In principle I agree with you but in this particular case I agree the ask
is just too big. I suspect it is one of btrfs btree locks or maybe
chunk_mutex but I doubt even btrfs developers know and maybe it is just a
cargo cult. And it is not like this would be the first occurence of this
anti-pattern in btrfs - see e.g. device_list_add(), add_missing_dev(),
btrfs_destroy_delalloc_inodes() (here the wrapping around
invalidate_inode_pages2() looks really weird), and many others...
Honza
--
Jan Kara <[email protected]>
SUSE Labs, CR
On Thu, Jan 04, 2024 at 12:49:58PM +0100, Jan Kara wrote:
> On Sat 23-12-23 17:31:55, Matthew Wilcox wrote:
> > On Thu, Dec 21, 2023 at 04:57:04PM +0800, Yu Kuai wrote:
> > > @@ -3674,16 +3670,17 @@ struct btrfs_super_block *btrfs_read_dev_one_super(struct block_device *bdev,
> > > * Drop the page of the primary superblock, so later read will
> > > * always read from the device.
> > > */
> > > - invalidate_inode_pages2_range(mapping,
> > > - bytenr >> PAGE_SHIFT,
> > > + invalidate_bdev_range(bdev, bytenr >> PAGE_SHIFT,
> > > (bytenr + BTRFS_SUPER_INFO_SIZE) >> PAGE_SHIFT);
> > > }
> > >
> > > - page = read_cache_page_gfp(mapping, bytenr >> PAGE_SHIFT, GFP_NOFS);
> > > - if (IS_ERR(page))
> > > - return ERR_CAST(page);
> > > + nofs_flag = memalloc_nofs_save();
> > > + folio = bdev_read_folio(bdev, bytenr);
> > > + memalloc_nofs_restore(nofs_flag);
> >
> > This is the wrong way to use memalloc_nofs_save/restore. They should be
> > used at the point that the filesystem takes/releases whatever lock is
> > also used during reclaim. I don't know btrfs well enough to suggest
> > what lock is missing these annotations.
>
> In principle I agree with you but in this particular case I agree the ask
> is just too big. I suspect it is one of btrfs btree locks or maybe
> chunk_mutex but I doubt even btrfs developers know and maybe it is just a
> cargo cult. And it is not like this would be the first occurence of this
> anti-pattern in btrfs - see e.g. device_list_add(), add_missing_dev(),
> btrfs_destroy_delalloc_inodes() (here the wrapping around
> invalidate_inode_pages2() looks really weird), and many others...
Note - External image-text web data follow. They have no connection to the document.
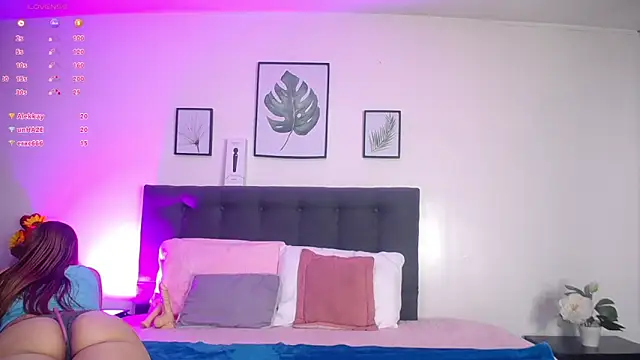 Snapshot of shirly_vannicelli chatting on February 2025 07:53:02 PM shirly vannicelli online show from February 2025 07:53:02 PM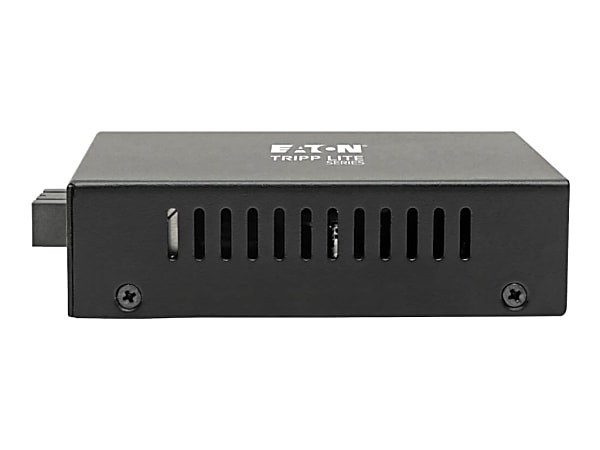 Tripp Lite Gigabit Singlemode Fiber to Ethernet Media Converter, POE+ - 10/100/1000 SC, 1310 nm, 20 km (12.4 mi.) - Fiber media converter - GigE - 10Base-T, 100Base-TX, 1000Base-T - RJ-45 / SC single-mode - up to 12.4 miles - 1310 nm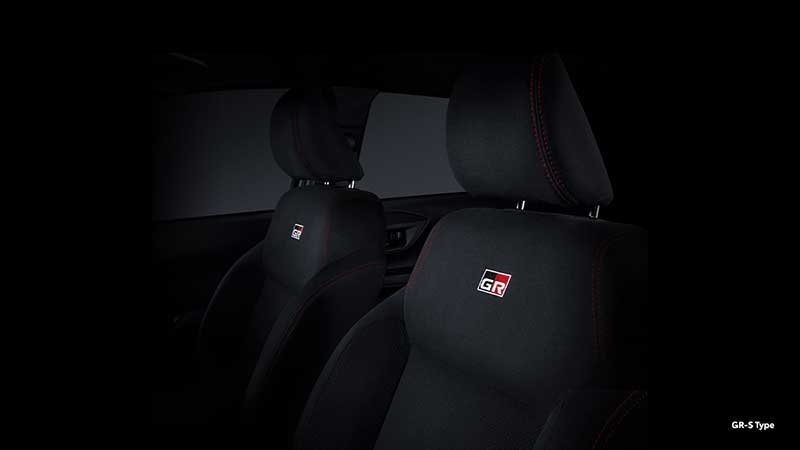 Deluxe GR-S Seat (GR-S Type) & Adjustable Headrest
The pattern is intentional and a temporary solution before we could
implement the scoped NOFS. Functions calling allocations get converted
from GFP_NOFS to GFP_KERNEL but in case they're called from a context
that either holds big locks or can recursively enter the filesystem then
it's protected by the memalloc calls. This should not be surprising.
What may not be obvious is which locks or kmalloc calling functions it
could be, this depends on the analysis of the function call chain and
usually there's enough evidence why it's needed.